Het kabinet heeft besloten om de inkomensafhankelijke eigen bijdrage niet alleen te laten gelden voor huishoudelijke hulp, maar deze te verbreden naar alle Wmo-voorzieningen. Omdat hiervoor een nieuw wetsvoorstel moet komen, wordt de invoering van de eigen bijdrage, oorspronkelijk gepland voor 1 januari 2025, met een jaar opgeschoven.
Wmo-abonnementstarief
In 2019 werd de inkomensafhankelijke bijdrage deels en in 2020 helemaal afgeschaft en vervangen door het Wmo-abonnementstarief. Iedereen, ongeacht de hoogte van het inkomen, betaalt sindsdien een vast maandelijks bedrag van maximaal 19 euro per maand als eigen bijdrage voor een Wmo-voorziening. Dit leidde tot een grote toename van aanvragen van vooral huishoudelijke hulp. Veel mensen die deze hulp makkelijk zelf kunnen betalen – en vaak al op eigen kosten een hulp hadden geregeld – meldden zich bij het Wmo-loket van de gemeente. De gemeenten zagen de kosten boven het budget uitstijgen en er ontstonden wachtlijsten, wat ten koste ging van mensen die de hulp echt nodig hebben, maar deze niet zelf kunnen betalen.
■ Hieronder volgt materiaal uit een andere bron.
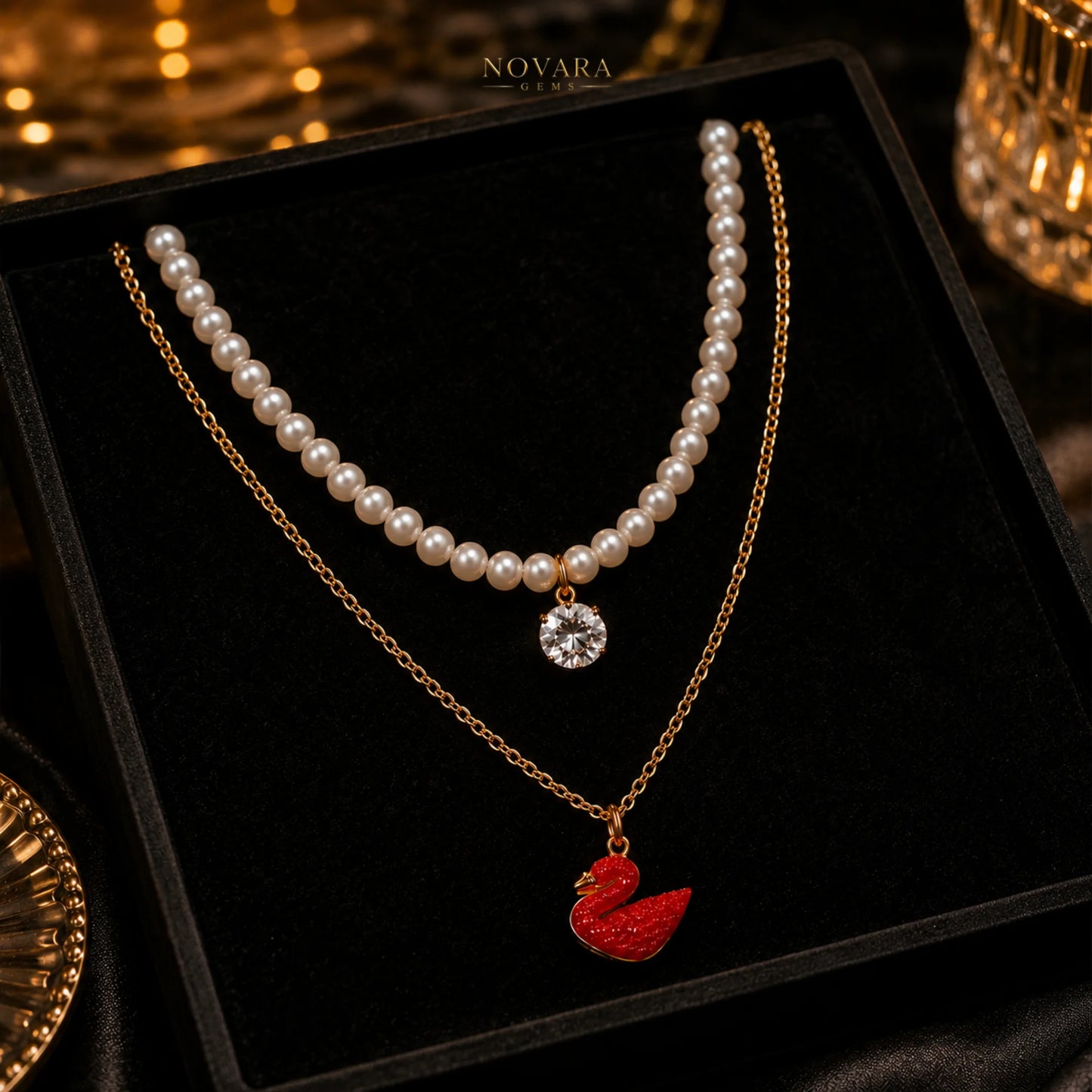 Noir Swan Layered Necklace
Inkomensafhankelijke eigen bijdrage
Het kabinet was eerst van plan om alleen voor huishoudelijke hulp een eigen bijdrage in te voeren. In het coalitieakkoord is afgesproken om dit per 1 januari 2025 te realiseren. Door het recente besluit om de inkomensafhankelijke eigen bijdrage te verbreden naar alle Wmo-voorzieningen wordt de invoeringsdatum een jaar opgeschoven. Cliënten gaan dus op z’n vroegst vanaf 1 januari 2026 deze inkomensafhankelijke eigen bijdrage betalen. Met de invoering van de inkomensafhankelijke eigen bijdrage hoopt het kabinet de druk bij gemeenten op het gebruik van Wmo-voorzieningen te verlagen en de financiële houdbaarheid van de Wmo te verbeteren. Naar verwachting levert de maatregel jaarlijks 100 miljoen euro op. Hoe de nieuwe inkomensafhankelijke eigen bijdrage er precies uit komt te zien wordt in de komende periode verder uitgewerkt.